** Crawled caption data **
::::::::::

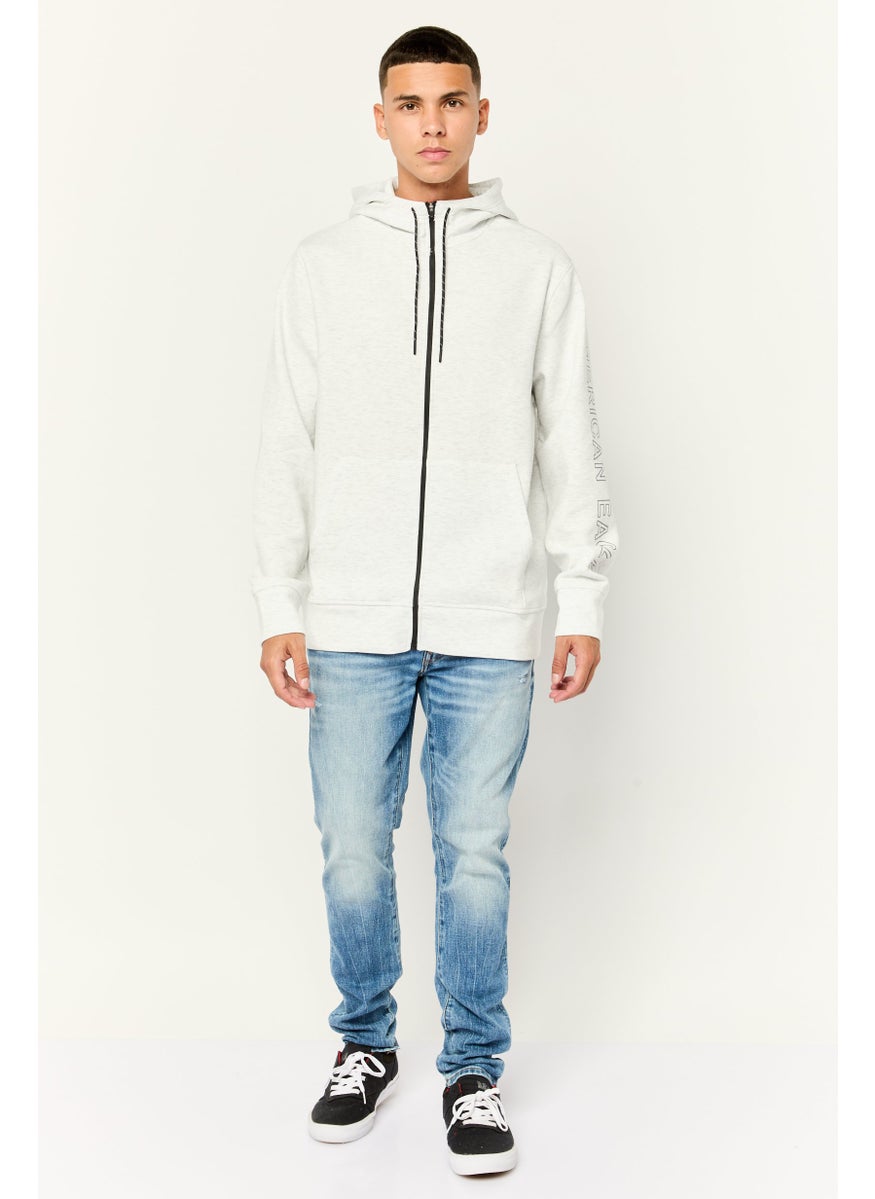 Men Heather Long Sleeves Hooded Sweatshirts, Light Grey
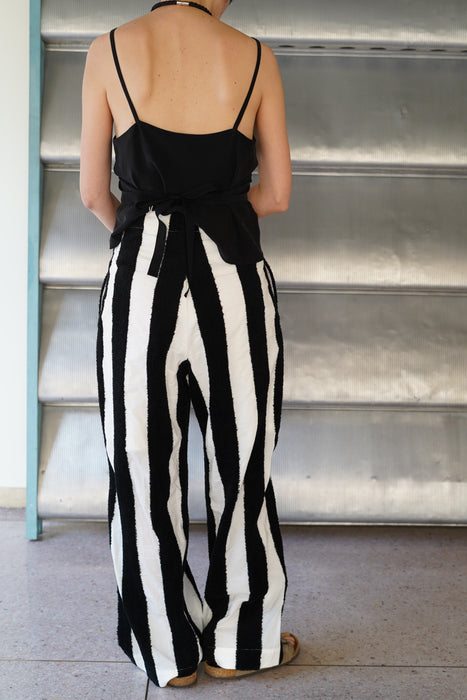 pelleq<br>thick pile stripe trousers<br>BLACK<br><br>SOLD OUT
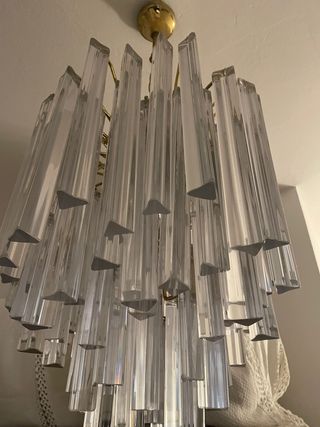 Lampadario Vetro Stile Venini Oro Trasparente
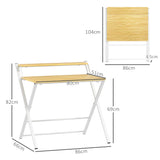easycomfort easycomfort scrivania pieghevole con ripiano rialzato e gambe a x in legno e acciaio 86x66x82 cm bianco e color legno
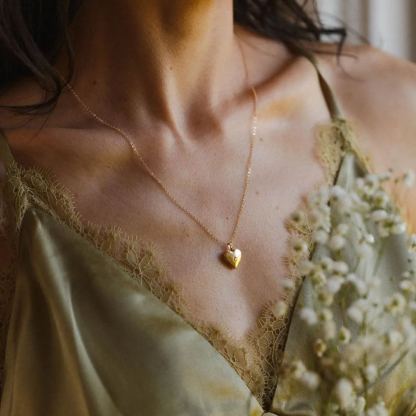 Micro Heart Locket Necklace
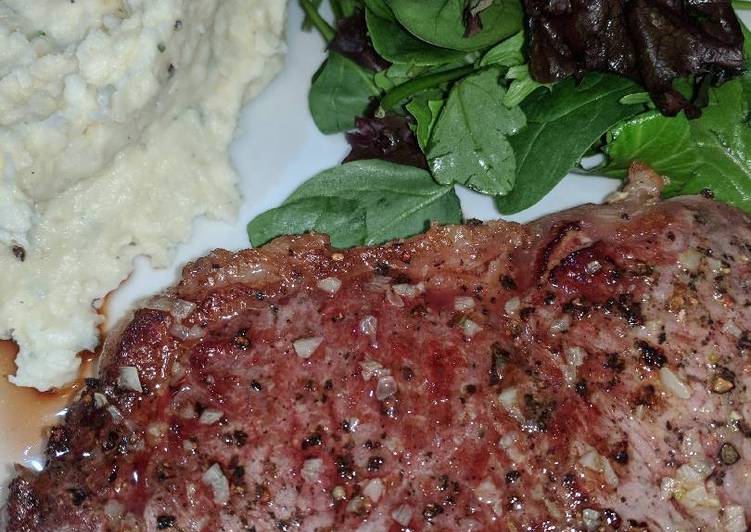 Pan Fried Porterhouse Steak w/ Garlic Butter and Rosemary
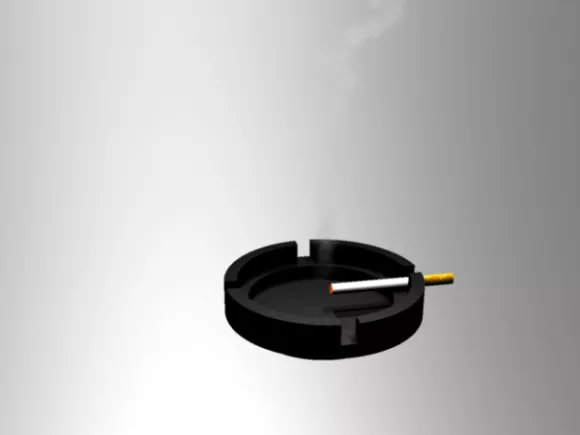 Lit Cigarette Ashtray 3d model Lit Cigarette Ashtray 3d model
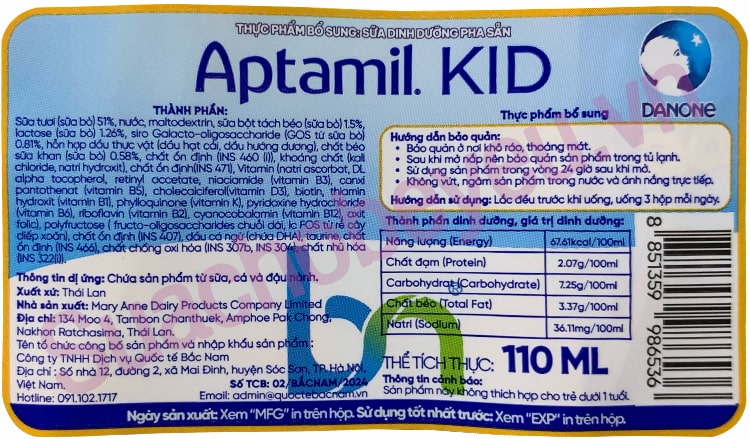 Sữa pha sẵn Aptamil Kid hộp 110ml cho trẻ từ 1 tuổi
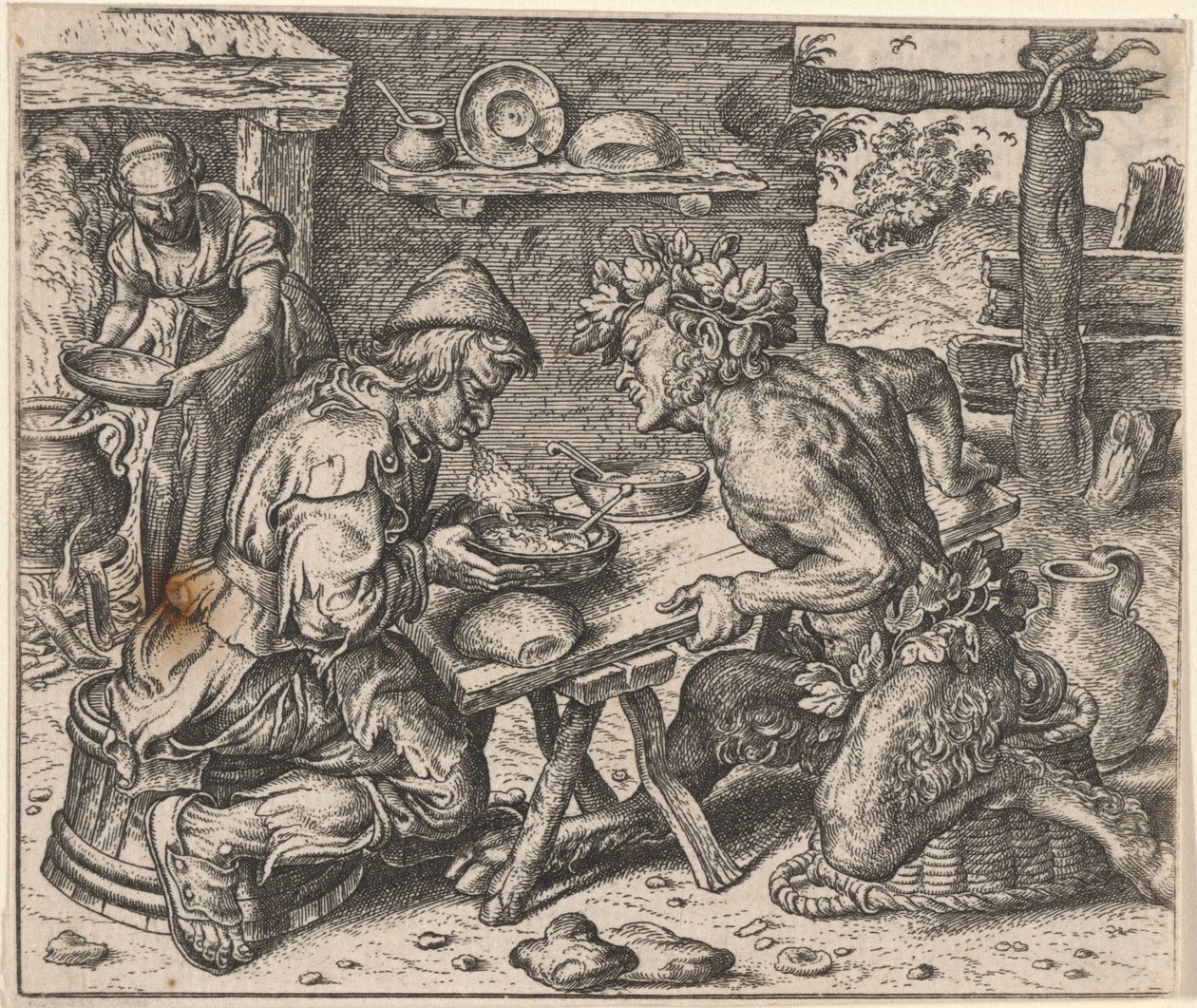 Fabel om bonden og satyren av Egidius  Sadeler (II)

::::::::::

** Work instructions **
The lines wanted run from the line containing "Sữa pha sẵn" through the end of the entries; return them exactly, both ends included, and keep pictures out.

** Your response **
 Sữa pha sẵn Aptamil Kid hộp 110ml cho trẻ từ 1 tuổi
 Fabel om bonden og satyren av Egidius  Sadeler (II)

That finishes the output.